Ah, I see what you mean. Yes. It is possible that these teachers are playing Kenneth Goodman's Psycholinguistic Guessing Game

or maybe we've just misunderstood what the OP is telling us and are running around screaming "ah! Kenneth!" unnecessarily.

mrz Sat 05-Apr-14 09:23:16

Kenneth Goodman is Whole language not whole word CG so good idea not to shout his name

columngollum Sat 05-Apr-14 09:25:59

The problem now is that because teachers have to teach phonics in school it is possible to have a teacher who believes passionately in Kenneth and says Kennethy type things from time to time (because that's what she believes in.)
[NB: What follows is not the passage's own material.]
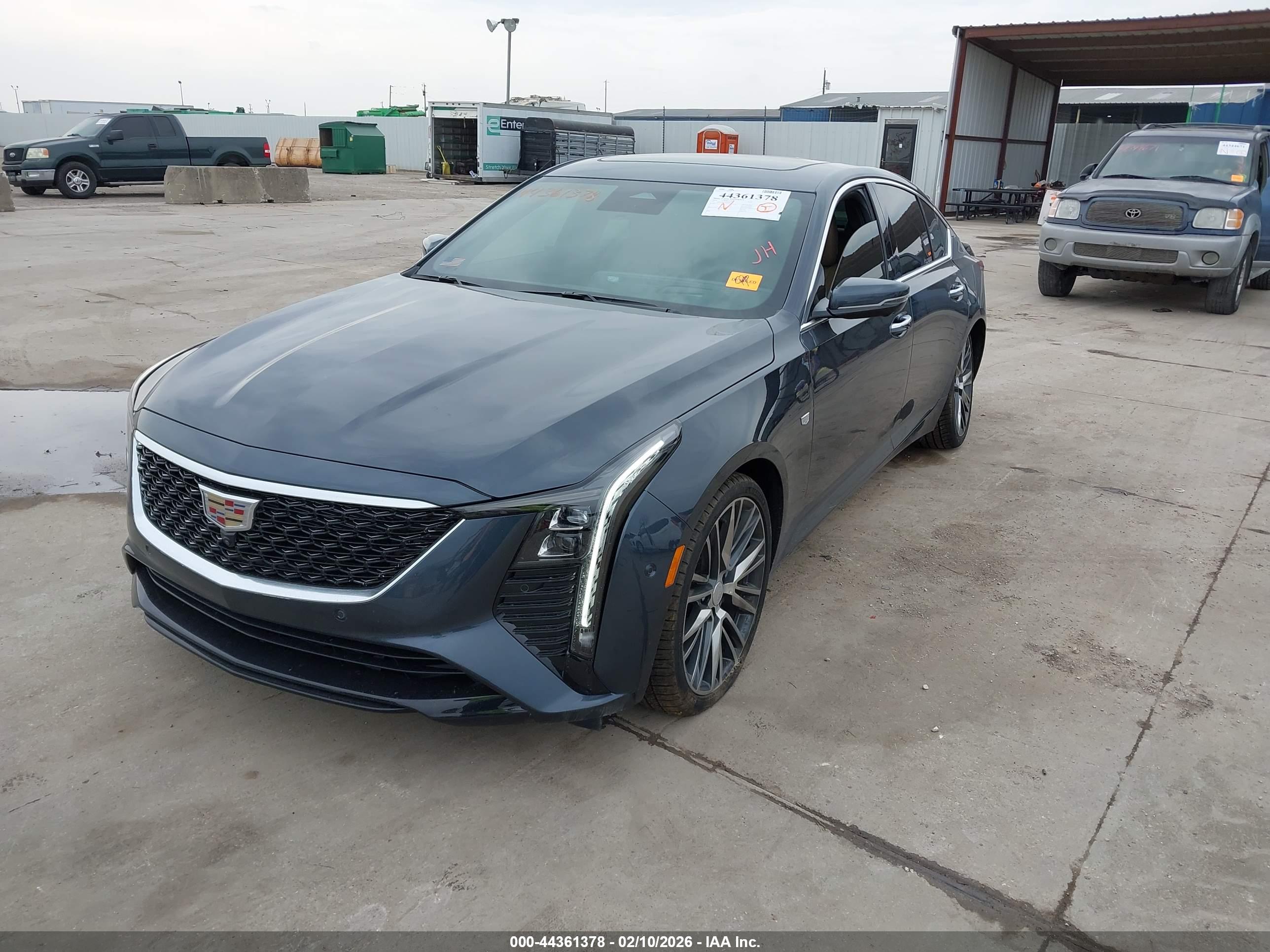 CADILLAC CT5 image 2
But, she actually teaches phonics, or tries to teach it, anyway. Quite how anybody is supposed to tell what's actually going on in a case like that I don't know.

columngollum Sat 05-Apr-14 09:29:01

Well, yes indeed. But Look and Say people don't read

The sheep came into the garden and ate the grass

as

The goat came into the garden and ate the grass

because although they both make perfect sense in that context L&S people do like to distinguish between sheep and goats. (Kenneth might be delighted whichever way you read it.) Reading stuff wrongly isn't an L&S tradition.

mrz Sat 05-Apr-14 09:31:27

Kenneth Goodman is Whole language not whole word CG they are 2 different things!

columngollum Sat 05-Apr-14 09:32:56

* I KNOW THAT PERFECTLY WELL. WHOLE WORD/L&S INVOLVES RECOGNISING WORDS, NOT READING THEM INCORRECTLY.*

mrz Sat 05-Apr-14 09:33:24

Actually reading things inaccurately is very much a Look & Say tradition CG

CecilyP Sat 05-Apr-14 10:03:14

There is so much confusion over 'sight words'; all they are are words which can be read automatically 'on sight' without any conscious decoding and blending. Most children only have to sound out a word a few times (sometimes just once) to have it fixed in long term memory as a 'sight word', but the initial sounding out is vital.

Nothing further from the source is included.